According to the Central Bank of Kenya (CBK), as of Monday, the shilling has dropped by 13% against the dollar, the most in two decades, raising the cost of living as importers struggle to consolidate hard currency. Additionally, the importers have also been forced to pass on the increased import bill to consumers, resulting in high inflation of goods.
Kenyans’ woes on the high cost of living do not end there. Just this week, the price of fuel went up from 177 shillings to 179 shillings. Therefore, Kenyans can expect the price of goods to rise even higher. Some Kenyans are already predicting that by June, fuel will most likely be sold at 200 shillings. Furthermore, an issue that has been a topic of great concern amongst many Kenyans, is the fact that Kenya Power and Lightning Company (KPLC), the main energy provider in Kenya, issued a statement that the Company will no longer be providing a detailed breakdown of the token charges. Therefore, Kenyans will no longer be aware of what exactly they are paying for. The statement was issued days after KPLC had just increased the prices of electricity. Many Kenyans were infuriated by KPLC’s decision especially after the company claimed that they had consulted with Kenyans before finalizing the decision which many citizens claim is false. Kenyans have been seen complaining on online platforms such as Twitter, Facebook and Whatsapp regarding the announcement and many fear that their money will be stolen since they have no way to hold KPLC accountable. KPLC has defended by itself by stating that if one wants a detailed account of their power usage they can make a request through the utility USSD code but many Kenyans are wondering if such services are free or is it just another ploy of the company to make more money.
Kenyans will no longer be given a detailed breakdown of their power bills after Kenya Power stopped giving customers details of individual pass-through costs. https://t.co/4JetlN4VbL
— Nation Africa (@NationAfrica) March 15, 2023
Another topic of controversy that has arisen through the week is the decision of President William Ruto to revive the construction of the Kimwarer and Arror Dams. The dams’ construction has been plagued with corruption scandals which forced former President Uhuru Kenyatta to cancel the Kimwarer dam construction and direct the restructuring of the other four years ago. The scandal was an issue of great interest since it not only involved the prosecution of Kenyan officials such as then-Treasury Cabinet Secretary(CS) Henry Rotich but also two Italian firms contracted to deliver the dams. President Ruto has defended his decision by stating that the former president’s reason for halting the dam construction was a political move aimed to frustrate him. He has therefore not only revived the dam construction but also withdrawn all prosecution cases.
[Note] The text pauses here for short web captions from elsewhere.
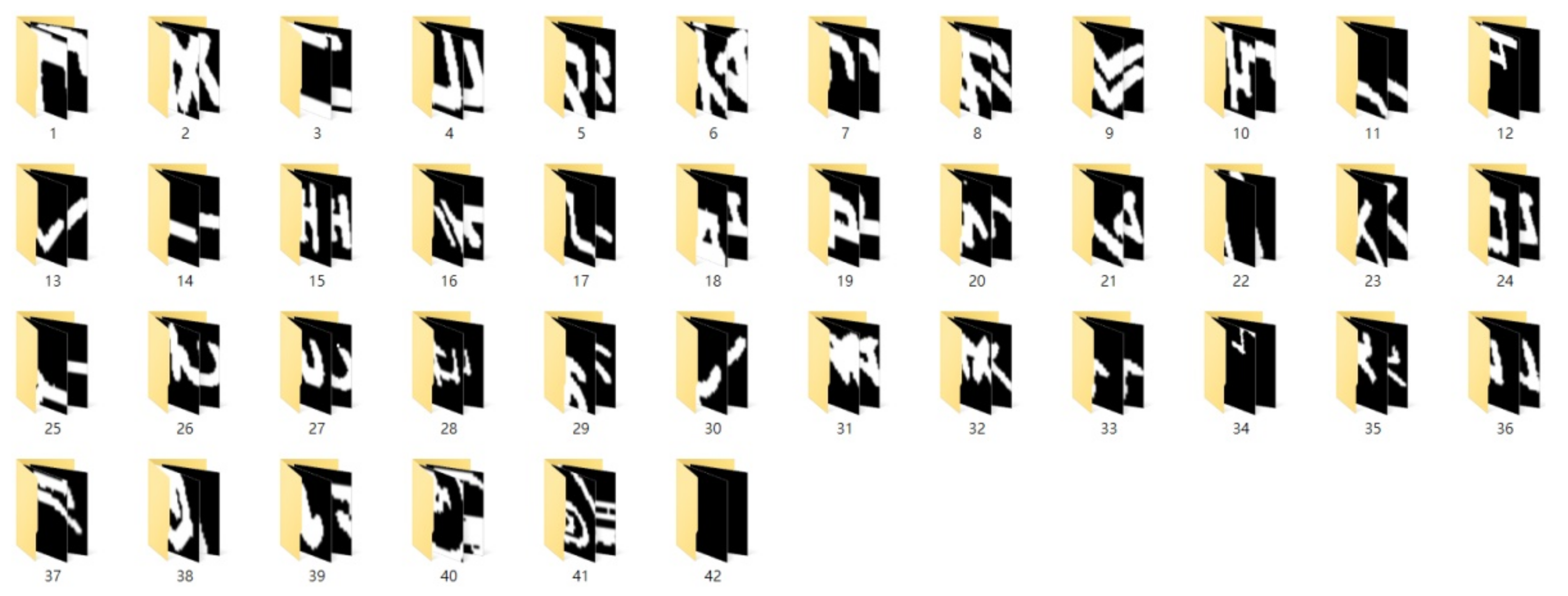 Applsci 10 08339 g009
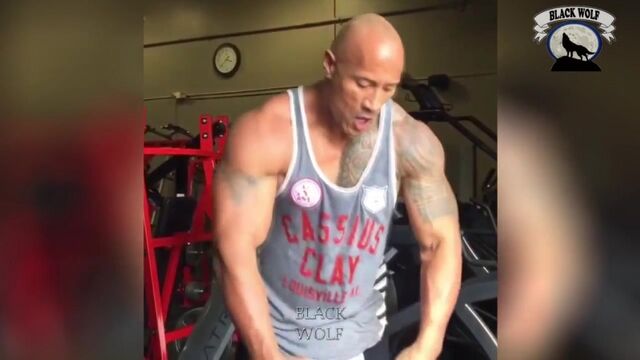 HD порно 169283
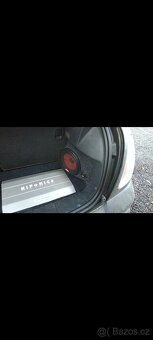 Mini Cooper - 4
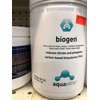Seachem Aquavitro Biogen (SC7594)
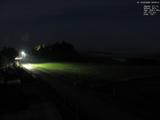 05 : 20
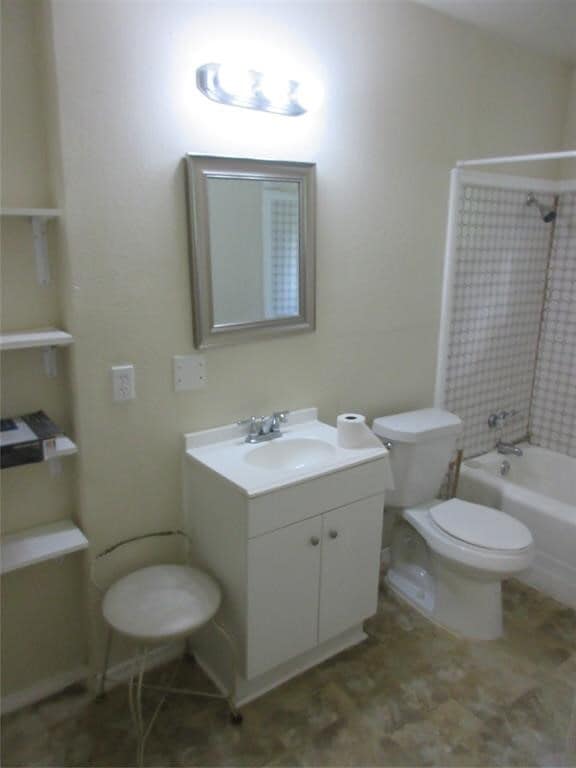 10601 Murr Way in Houston, TX - Building Photo - Building Photo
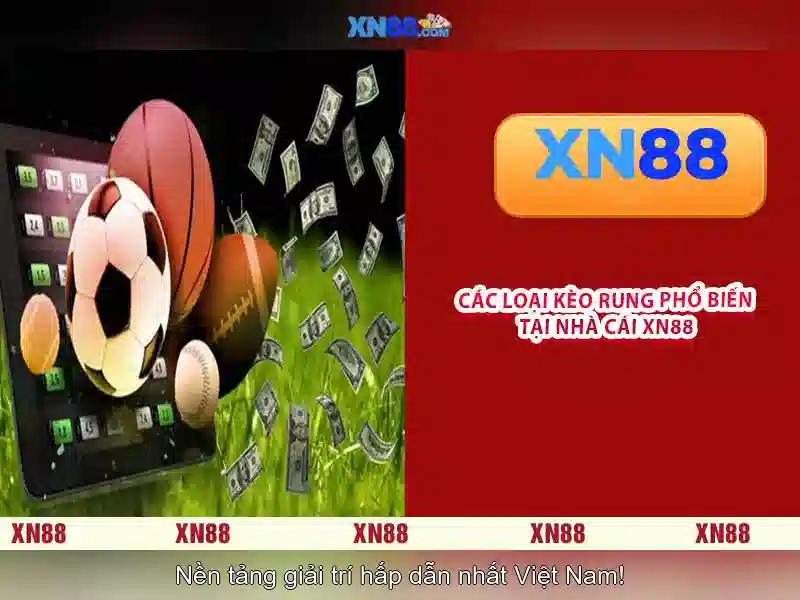 baccarat xn88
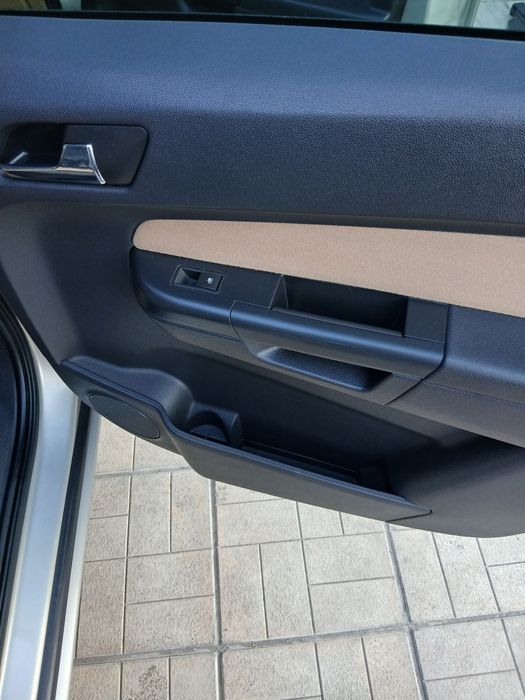 власне авто 2,5р в Україні. Автівка після Т.О.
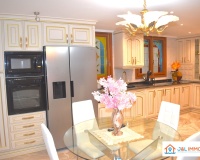 Herverkoop - Appartement - Alicante - Costa Blanca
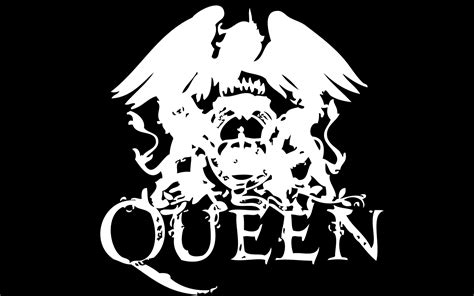 Wow 29+ Queen Band Wallpaper Desktop - Joen Wallpaper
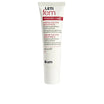 LETIFEM PAEDIATRIC CARE creme vulvar pediátrico 30 ml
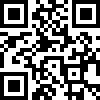 https://donyayekhodro.com/x3WLP
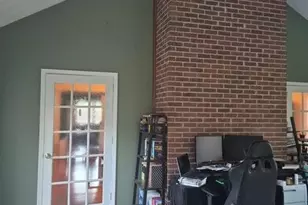 [Address not provided], McDonough, GA 30252 - Photo 12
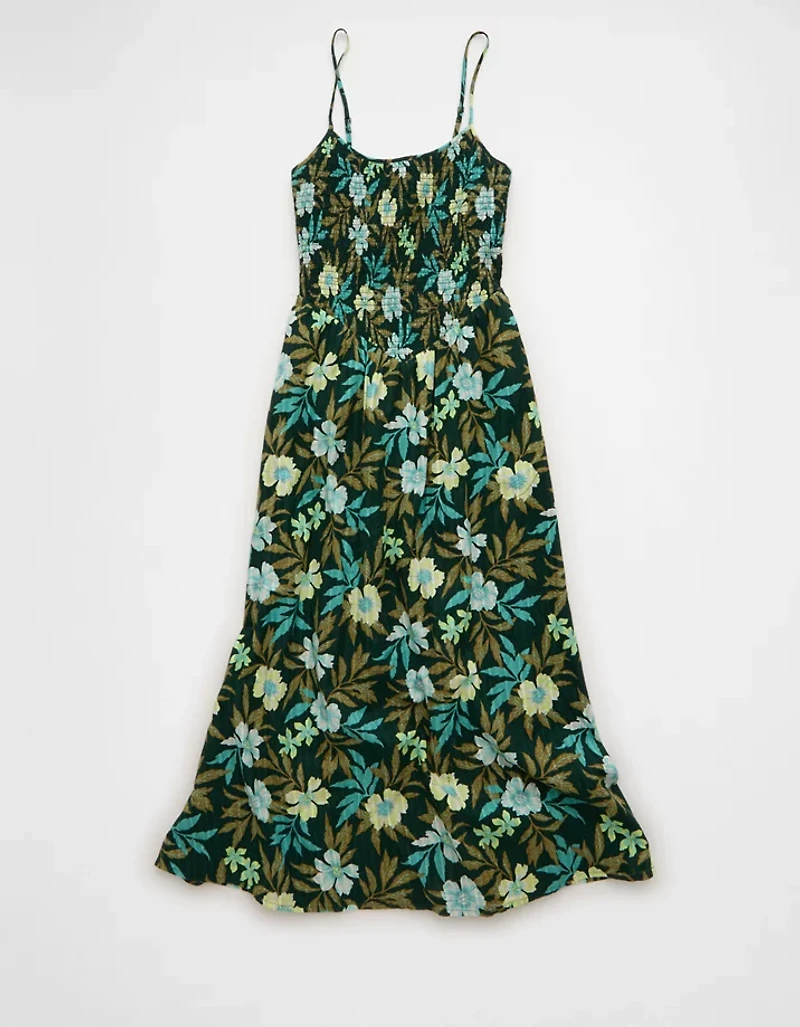 AE Bella Midi Dress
The President’s decision comes just days after Dr. Susan Koech (one of the former suspects in the Kimwarer and Arror corruption scandal) was appointed as the new Deputy Governor of the Central Bank of Kenya (CBK). Her appointment had already raised many questions amongst Kenyans but with the recent decision to revive the dams many have been left questioning the government’s consistency as well as neutrality when it comes to making decisions.